Come presentare le domande

Le domande di accesso al contributo “Nuova Sabatini Capitalizzazione” devono essere compilate in via esclusivamente telematica attraverso la procedura disponibile nella sezione “Compilazione domanda di agevolazione” della piattaforma informatica dedicata alla misura, collegandosi all’indirizzo internet: https://benistrumentali.dgiai.gov.it.

Una volta apposta la firma digitale, la domanda dovrà essere inviata, esclusivamente da un indirizzo di posta elettronica certificata (PEC)all’indirizzo PEC della banca/intermediario finanziario a cui si chiede il finanziamento, scelta tra quelle aderenti all’iniziativa (l’elenco è pubblicato sulla sezione del sito del Ministero delle Imprese e del Made in Italy dedicata alla misura).

Quali investimenti devono essere collegati all’aumento di capitale

L’aumento di capitale deve essere collegato ad un programma di investimento in beni strumentali4.0 e green.

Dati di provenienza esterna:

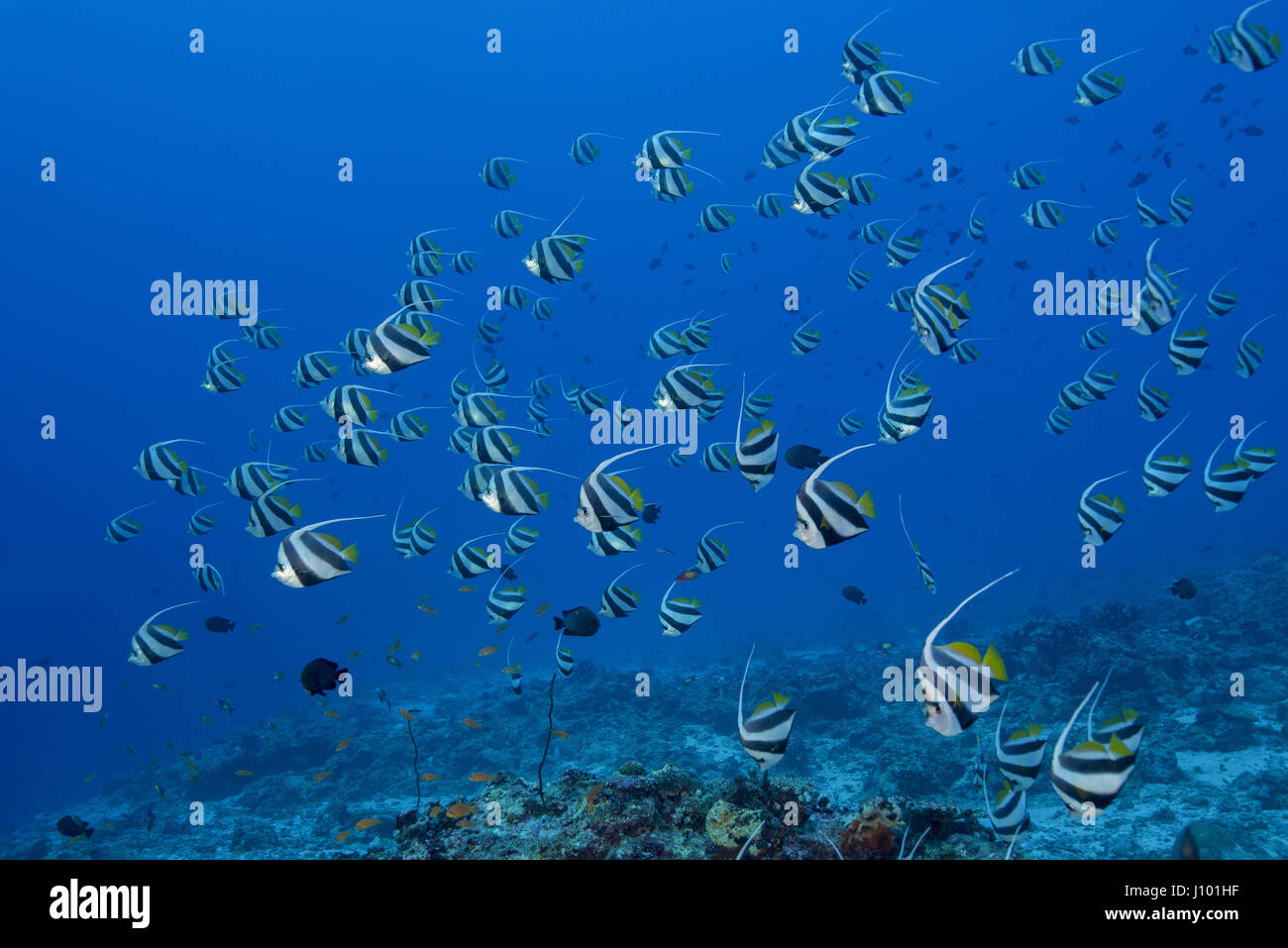 School of Schooling bannerfish (Heniochus diphreutes) over coral reef in blue water, Indian Ocean, Maldive Stock Photo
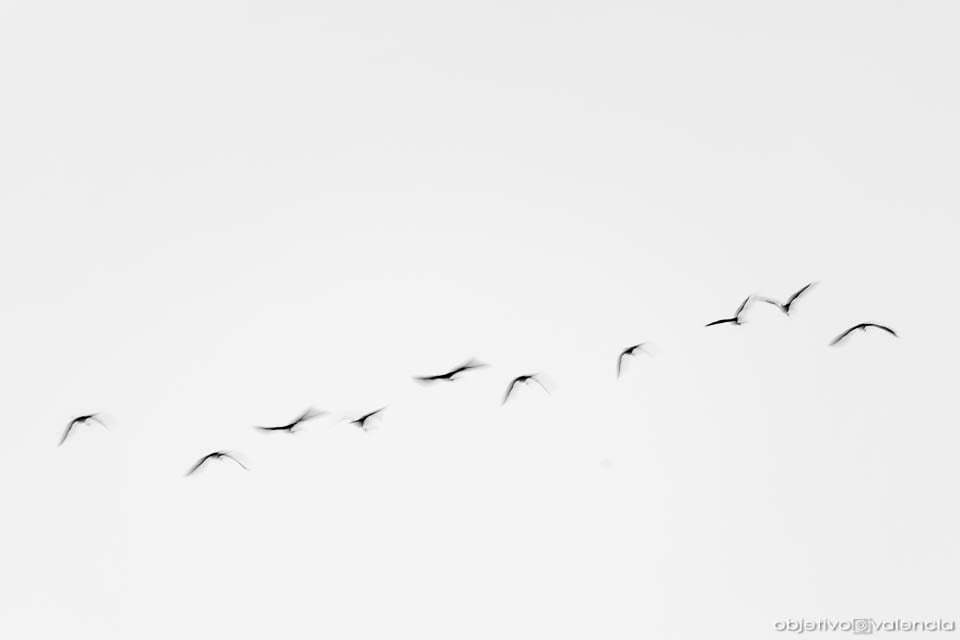 curso-fotografia-tecnica-creativa-2.jpg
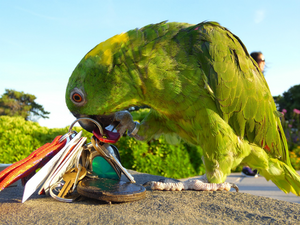 The Do's and Don'ts of Playing With a Pet Parrot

L’impresa, quindi, prima della presentazione della domanda deve valutare bene l’articolazione degli investimenti.

I beni oggetto di agevolazione devono essere ad uso produttivo e strumentali all’attività svolta dall’impresa ed essere ubicati presso l’unità produttiva dell’impresa in cui è realizzato l’investimento.

Particolare attenzione deve essere poi posta alla tempistica di effettuazione dell’investimento.

L’avvio degli investimenti infatti deve essere successivo, ossia in data non coincidente né antecedente, alla data di trasmissione, a mezzo PEC, della domanda di contributo.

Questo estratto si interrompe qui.